** RECORDED INFORMATION **
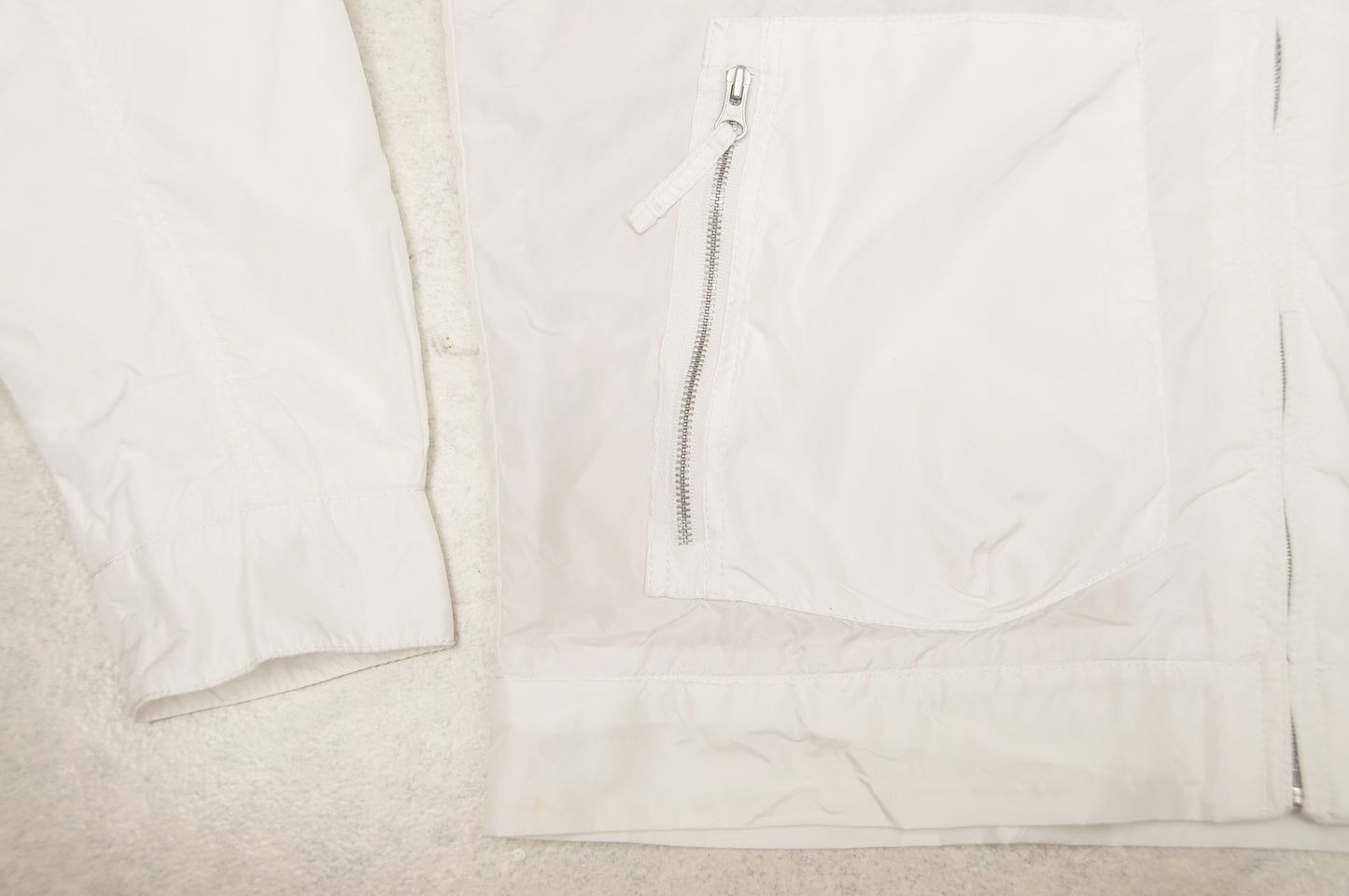 Y2K Tommy Hilfiger tuulitakki (S)
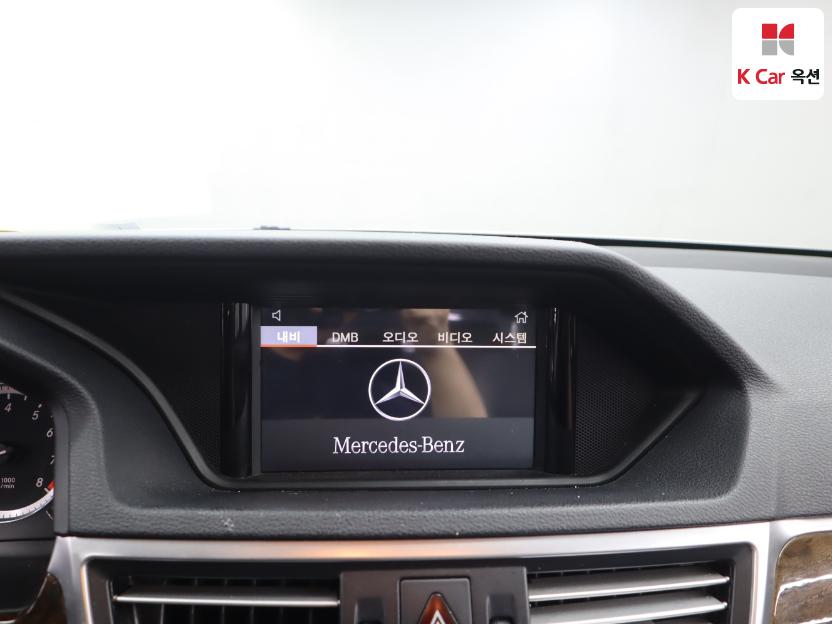 2012 - mercedes-benz e200
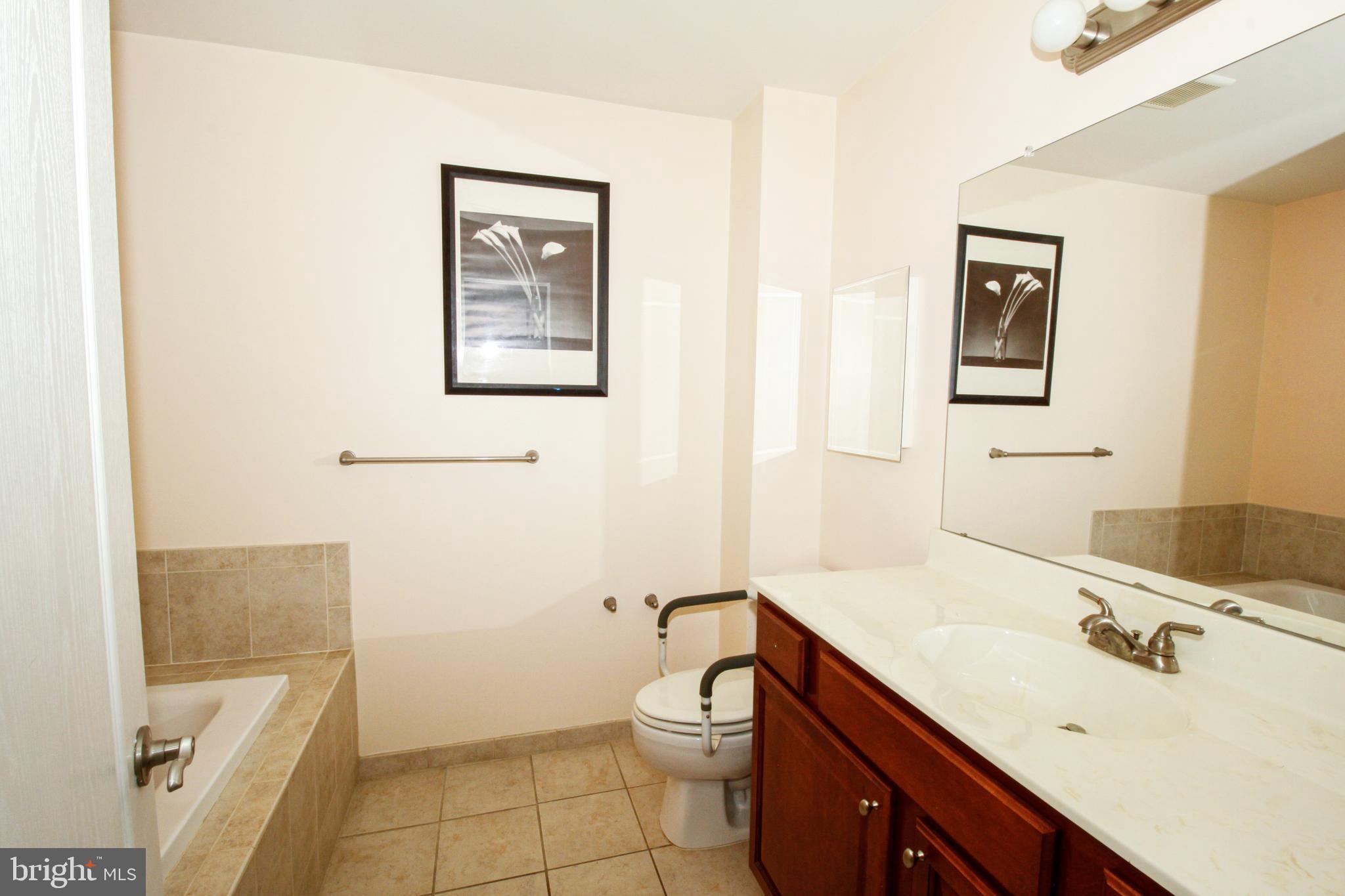 1630 Welsh Road, Unit 56G Philadelphia, PA 19115 - Photo 14 of 25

** EXERCISE PROMPT **
The data must be repeated exactly. Any pictures in it are to be left out.

** SOLVED EXERCISE **
 Y2K Tommy Hilfiger tuulitakki (S)
 2012 - mercedes-benz e200
 1630 Welsh Road, Unit 56G Philadelphia, PA 19115 - Photo 14 of 25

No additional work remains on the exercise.